→ INFORMATION SHOWN
----
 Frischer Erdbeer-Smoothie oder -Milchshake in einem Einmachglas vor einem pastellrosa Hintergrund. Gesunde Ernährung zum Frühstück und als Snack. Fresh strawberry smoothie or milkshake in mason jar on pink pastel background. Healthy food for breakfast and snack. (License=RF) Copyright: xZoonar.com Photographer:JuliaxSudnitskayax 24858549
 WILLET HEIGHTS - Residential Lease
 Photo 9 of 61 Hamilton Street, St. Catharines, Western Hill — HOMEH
----
→ EXERCISE
Return every line of the listing, word for word.

→ SOLUTION FOR THIS PROBLEM
 Frischer Erdbeer-Smoothie oder -Milchshake in einem Einmachglas vor einem pastellrosa Hintergrund. Gesunde Ernährung zum Frühstück und als Snack. Fresh strawberry smoothie or milkshake in mason jar on pink pastel background. Healthy food for breakfast and snack. (License=RF) Copyright: xZoonar.com Photographer:JuliaxSudnitskayax 24858549
 WILLET HEIGHTS - Residential Lease
 Photo 9 of 61 Hamilton Street, St. Catharines, Western Hill — HOMEH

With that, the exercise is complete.